Beautiful, isn't it? Tess' tail is also feathering with white. She doesn't particularly care for the brushing, but I love the way it flies!


----------



## Sneeks (Mar 8, 2010)

I can't wait to give Ellie a bath... her hair always looks poofier after being washed. I had her spayed last week and want to wait at least another week before washing her.


----------



## amy22 (May 11, 2008)

Holly looks more like Ellie than Tess....Holly is only 5 months...but she is very thin and tall Holly is the dog on the left the other is my 2 year old girl Misty....I never really looked at them together they are always moving..but I cant believe that Holly is as tall as Misty ...Holly weighs about 40 lbs and Misty is 65...Misty has more hair than shows in that picture...I never knew that Misty was sooo small..gosh. Anyway, Holly looks alot like Ellie....I hope she fills out some...she is just starting to get her tail feathering and the feathers behind her legs...


----------



## inge (Sep 20, 2009)

Sneeks said:


> I can't wait to give Ellie a bath... her hair always looks poofier after being washed. I had her spayed last week and want to wait at least another week before washing her.


 
Tess was spayed a month ago. She weighed in at 47 lbs then. I had her weighed yesterday and she was 55...! No idea if it has anything to do with the spay and her hormones changing, but...


----------



## Sneeks (Mar 8, 2010)

ok I am going to have to post some pictures, because Ellie still looks the same size. Yes she is getting butt and tail hair, but she really looks like a miniture golden retriever. Almost 8 months old and still the same size she was at 5.


----------



## tippykayak (Oct 27, 2008)

Definitely post some pictures. The bottom end of the breed standard for bitches is 55 pounds, so if she's 45 pounds at 6 or 8 months, she'll probably get pretty darn close to the low end of the standard by the time she's done.

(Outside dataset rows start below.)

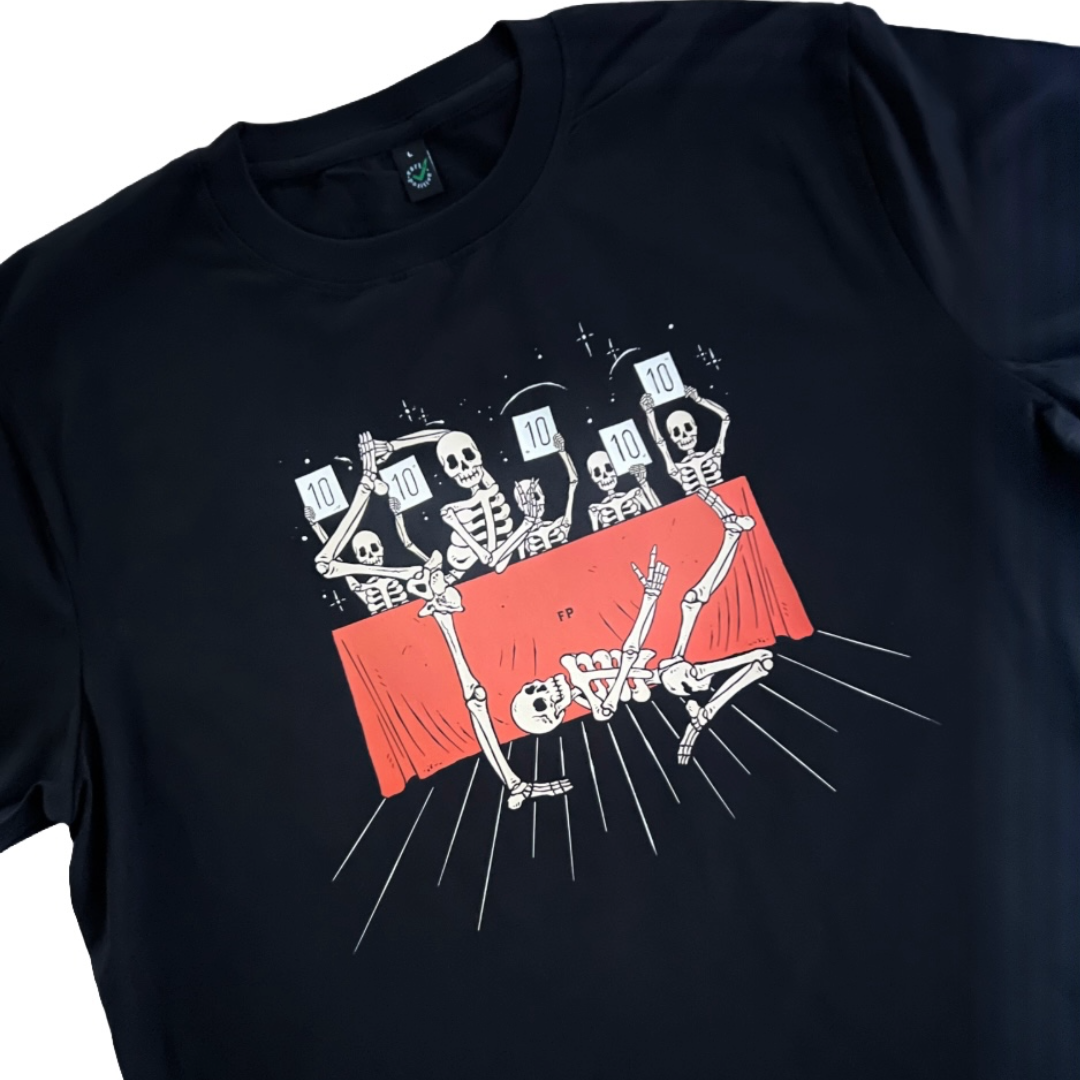 closeup of a black unisex t-shirt with two skeletons doing voguing poses from New York ballroom scene. there is a judges table behind them where the skeleton judges are scoring them 10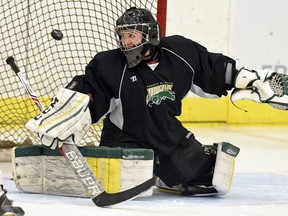 University of Regina Cougars goaltender Jane Kish makes a blocker save during a practice at the Co-operators Centre. Kish is getting into more games with the women's hockey team this season after playing sparingly last season.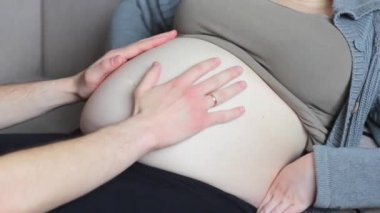 Genç, gelecekteki anne ve baba hamile ve çıplak bir göbeği okşuyor. Yakın plan. Şefkatli ve sevgi dolu ebeveyn kavramı.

That would make her a small Golden, but it doesn't mean there's anything wrong with her. Is she a healthy weight? (ribs felt easily with gentle pressure but not visible otherwise, hip bones easily felt but covered with a moderate layer of fat, waist visible from the top, etc.)


----------



## Sneeks (Mar 8, 2010)

Yeah she looks fine, feels fine. Here is a picture I took last week of her playing in the water.


----------



## amy22 (May 11, 2008)

She looks bigger to me, but its hard to tell from pictures, I know...have you taken her to be weighed?


----------



## C's Mom (Dec 7, 2009)

I think she looks much bigger compared to her sig pic. Sometimes we immediately don't see the changes because we see them everyday. She's a beautiful girl.


----------



## OriJames (Jan 23, 2009)

She definitely is bigger in the new pic compared to the old pic.  Like C's Mom said, we don't notice half the time because we see them everyday. When Ori started growing I made this type of thread too! The breeders told me the pups were "small" Goldens, and the vet has said he wouldn't grow much more the last time I saw her either. I was worried it was something in the food or hos growth was stunting, and it was infront of me all the time that he'd grown. Though he's small, he certainly packs a lot of energy!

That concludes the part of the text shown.